From the line that contains "John Abrams and another lab member" through the end of the records below, write out each line exactly as it appears, but not the pictures.

Web page caption snippets:
┌──

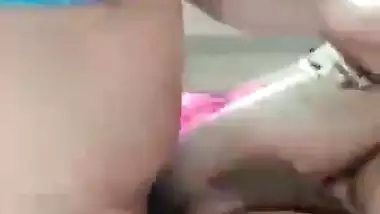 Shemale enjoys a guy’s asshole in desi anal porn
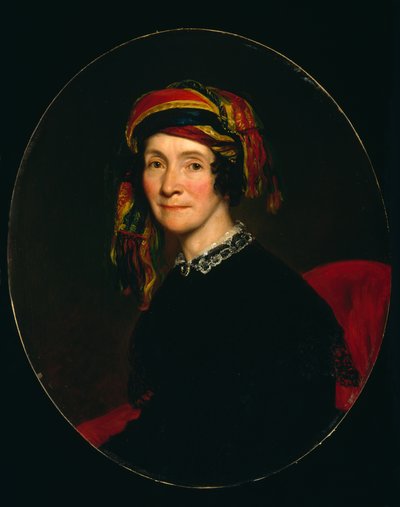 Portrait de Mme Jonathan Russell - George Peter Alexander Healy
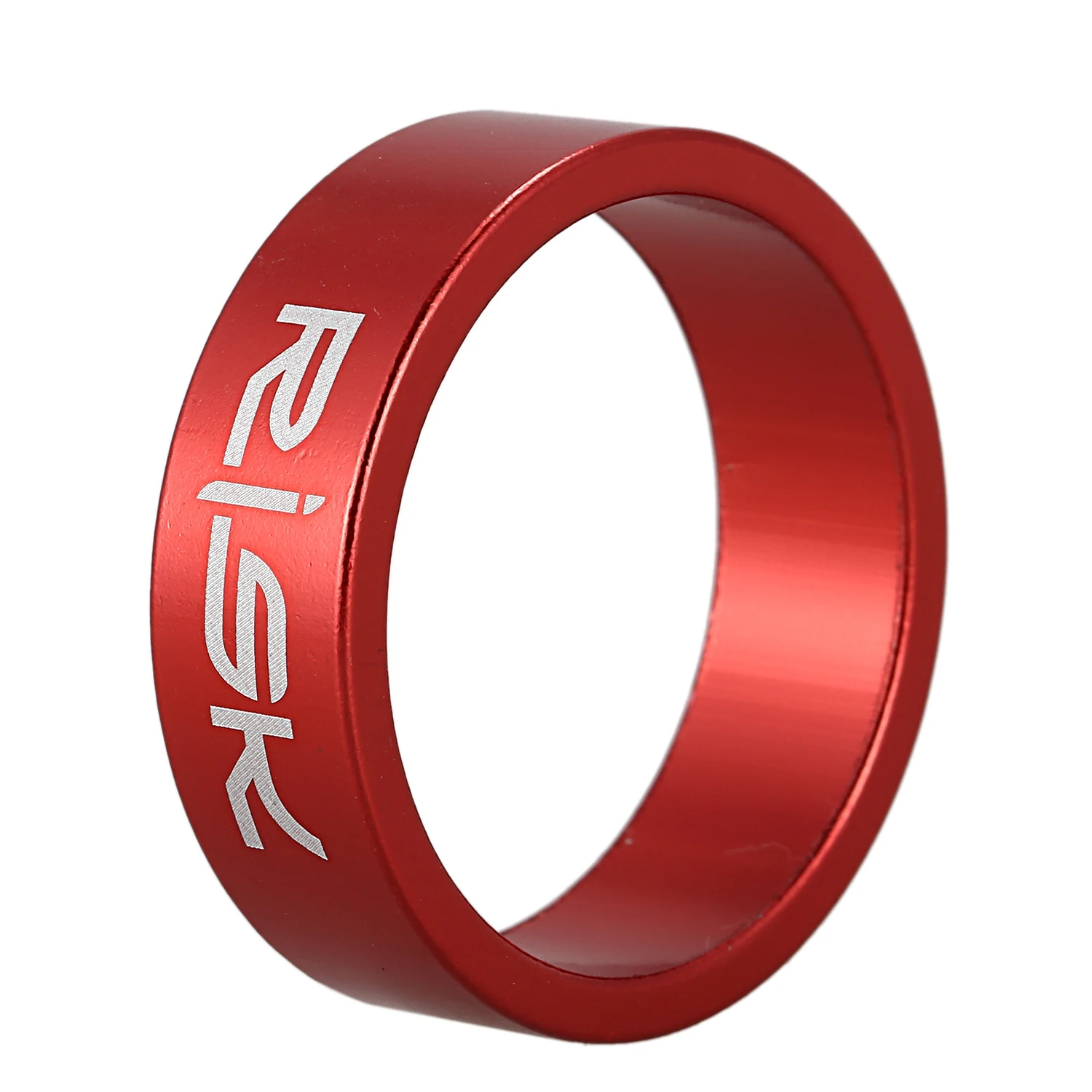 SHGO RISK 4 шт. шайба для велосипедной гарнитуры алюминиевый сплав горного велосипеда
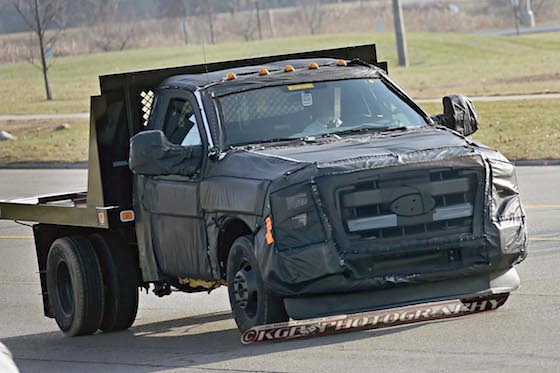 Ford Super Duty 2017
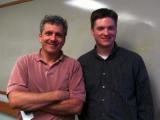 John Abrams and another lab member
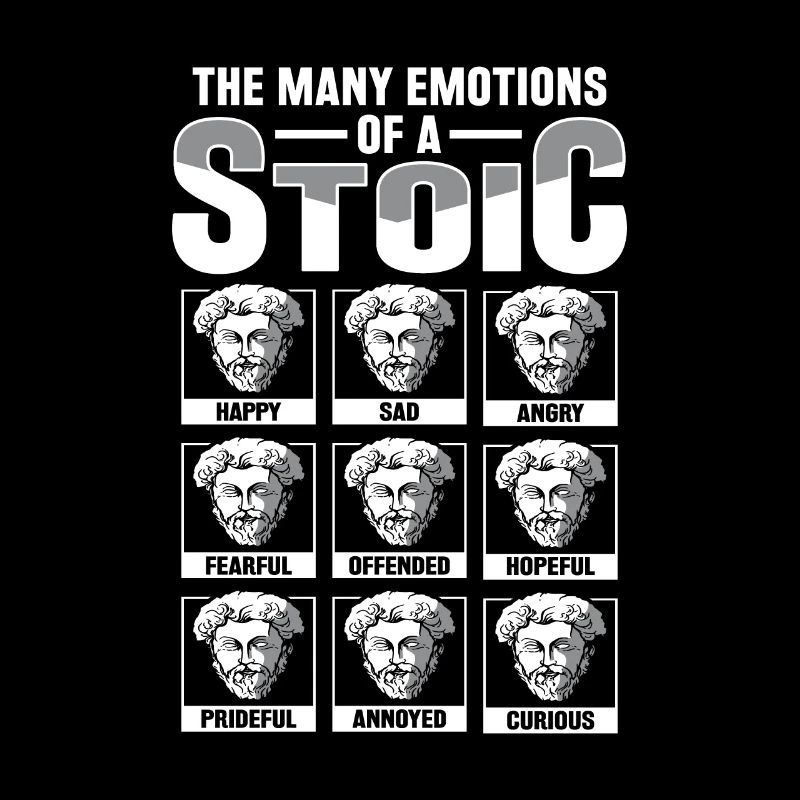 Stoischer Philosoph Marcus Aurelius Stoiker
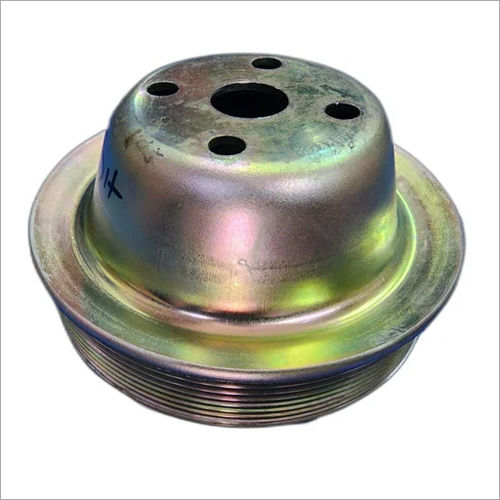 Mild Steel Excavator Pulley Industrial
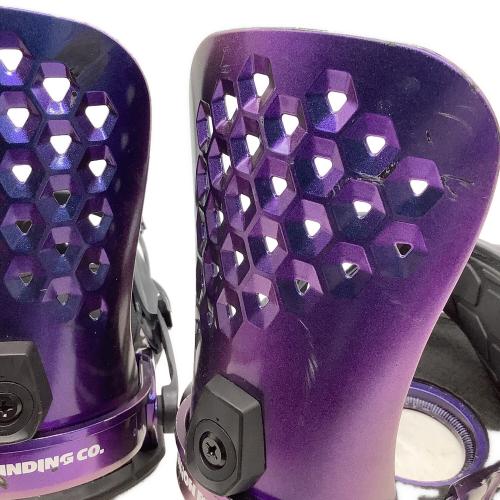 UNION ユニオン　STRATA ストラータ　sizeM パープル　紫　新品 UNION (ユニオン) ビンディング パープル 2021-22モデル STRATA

└──

**YOUR RESPONSE**.
 John Abrams and another lab member
 Stoischer Philosoph Marcus Aurelius Stoiker
 Mild Steel Excavator Pulley Industrial
 UNION ユニオン　STRATA ストラータ　sizeM パープル　紫　新品 UNION (ユニオン) ビンディング パープル 2021-22モデル STRATA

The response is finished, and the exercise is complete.